DATA SHOWN below:

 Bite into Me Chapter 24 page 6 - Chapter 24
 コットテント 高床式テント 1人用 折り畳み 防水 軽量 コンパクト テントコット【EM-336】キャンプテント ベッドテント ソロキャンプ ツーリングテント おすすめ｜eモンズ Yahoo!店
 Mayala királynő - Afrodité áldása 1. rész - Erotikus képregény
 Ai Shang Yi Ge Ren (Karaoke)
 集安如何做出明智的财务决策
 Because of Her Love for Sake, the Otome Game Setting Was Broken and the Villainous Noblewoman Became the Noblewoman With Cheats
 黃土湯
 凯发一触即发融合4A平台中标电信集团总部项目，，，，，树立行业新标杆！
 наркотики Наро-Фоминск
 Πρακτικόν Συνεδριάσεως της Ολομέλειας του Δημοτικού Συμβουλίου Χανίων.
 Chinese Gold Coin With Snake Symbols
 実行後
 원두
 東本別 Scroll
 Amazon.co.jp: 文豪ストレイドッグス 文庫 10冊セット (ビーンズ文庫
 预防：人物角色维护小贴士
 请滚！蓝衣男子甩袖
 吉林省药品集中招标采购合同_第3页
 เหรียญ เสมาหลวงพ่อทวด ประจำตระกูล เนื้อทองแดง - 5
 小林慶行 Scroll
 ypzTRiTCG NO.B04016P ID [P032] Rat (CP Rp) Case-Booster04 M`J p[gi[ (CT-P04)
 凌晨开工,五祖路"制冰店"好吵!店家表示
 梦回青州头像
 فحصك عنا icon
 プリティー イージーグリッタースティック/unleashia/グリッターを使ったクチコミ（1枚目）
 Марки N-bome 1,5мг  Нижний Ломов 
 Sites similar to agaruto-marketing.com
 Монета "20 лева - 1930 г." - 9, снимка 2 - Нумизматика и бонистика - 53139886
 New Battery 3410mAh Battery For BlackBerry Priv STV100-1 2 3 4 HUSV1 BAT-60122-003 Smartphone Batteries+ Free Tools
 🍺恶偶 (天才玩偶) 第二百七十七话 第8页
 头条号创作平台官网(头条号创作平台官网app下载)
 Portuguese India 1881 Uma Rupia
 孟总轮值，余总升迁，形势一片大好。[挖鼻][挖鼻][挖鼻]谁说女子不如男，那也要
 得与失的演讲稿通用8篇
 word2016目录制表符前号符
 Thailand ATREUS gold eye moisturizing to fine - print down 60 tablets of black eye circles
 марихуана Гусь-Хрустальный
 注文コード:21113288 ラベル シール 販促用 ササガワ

End of DATA SHOWN.

TASK INSTRUCTIONS: If a line in the material above contains "With", show that line.

THE ANSWER:
 Because of Her Love for Sake, the Otome Game Setting Was Broken and the Villainous Noblewoman Became the Noblewoman With Cheats
 Chinese Gold Coin With Snake Symbols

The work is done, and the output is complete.